## Data provided
·····

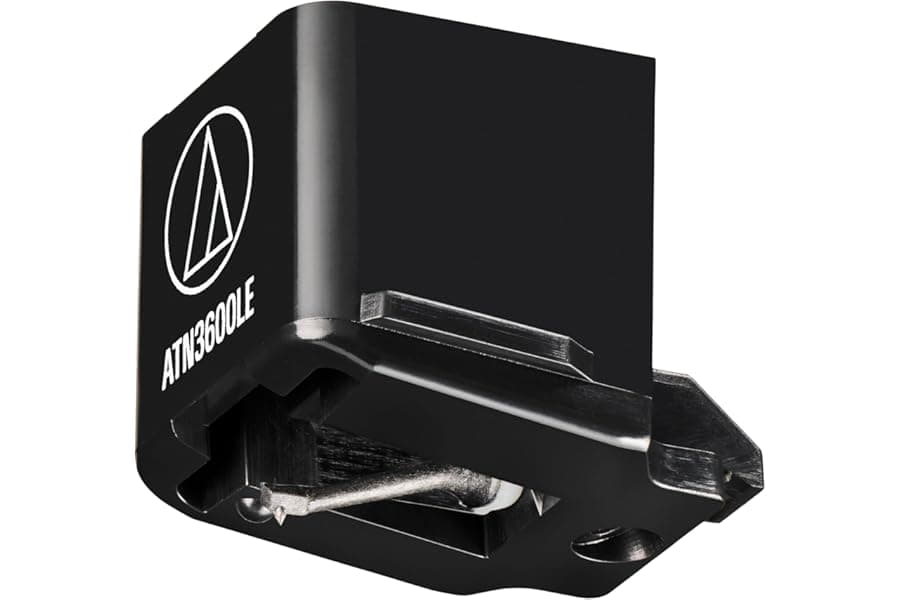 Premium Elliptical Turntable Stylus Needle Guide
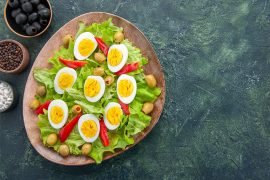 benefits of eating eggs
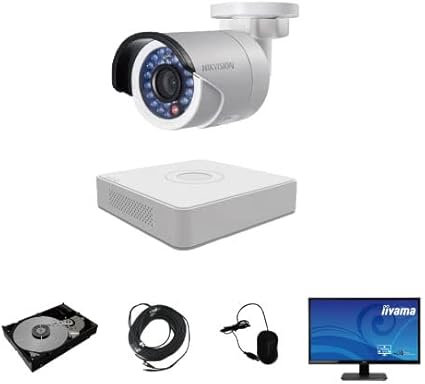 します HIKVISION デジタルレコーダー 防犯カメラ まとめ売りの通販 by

·····

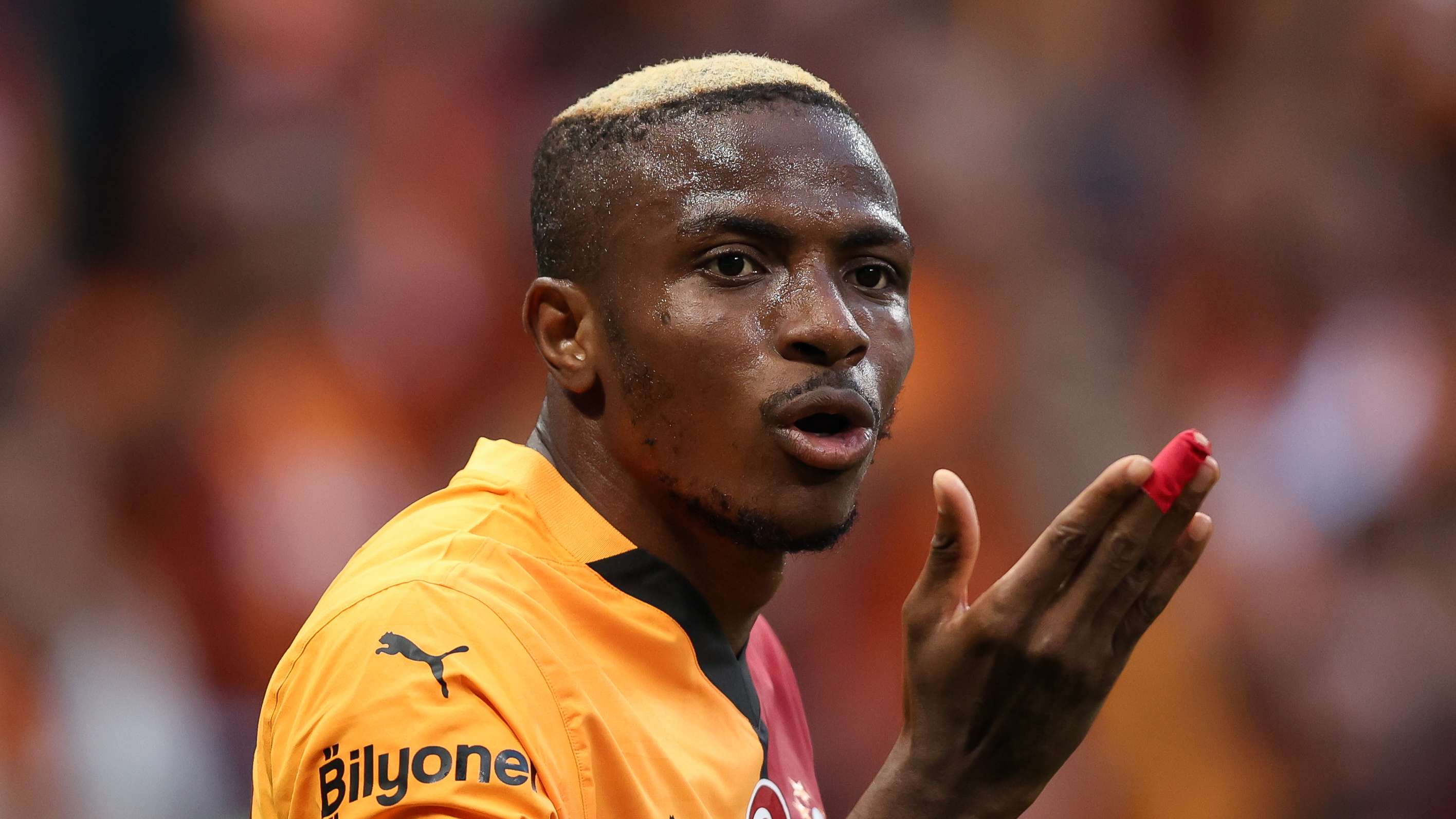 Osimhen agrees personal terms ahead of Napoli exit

·····

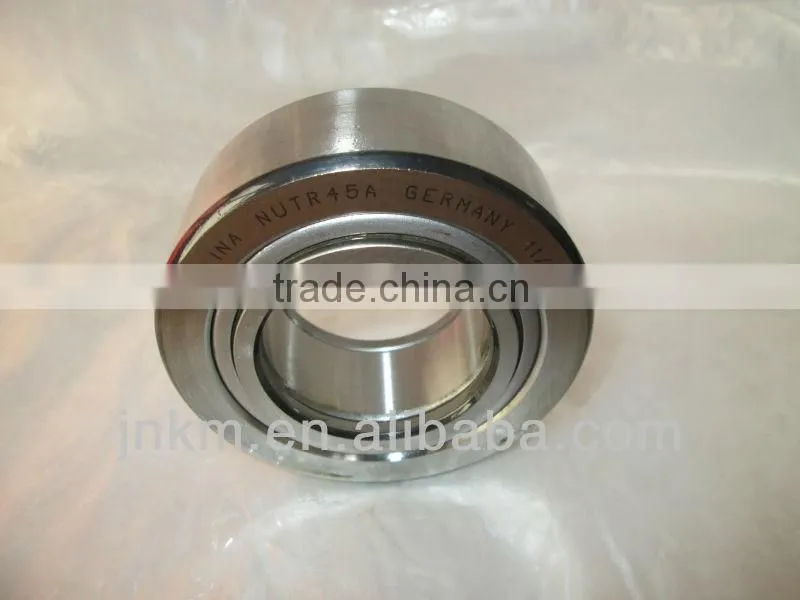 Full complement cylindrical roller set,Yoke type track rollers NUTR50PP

·····

## Task brief
Reproduce the data above exactly, but only from the line containing "benefits of eating eggs" through the line containing "します HIKVISION デジタルレコーダー 防犯カメラ まとめ売りの通販 by"; skip the pictures.

## Task output
 benefits of eating eggs
 します HIKVISION デジタルレコーダー 防犯カメラ まとめ売りの通販 by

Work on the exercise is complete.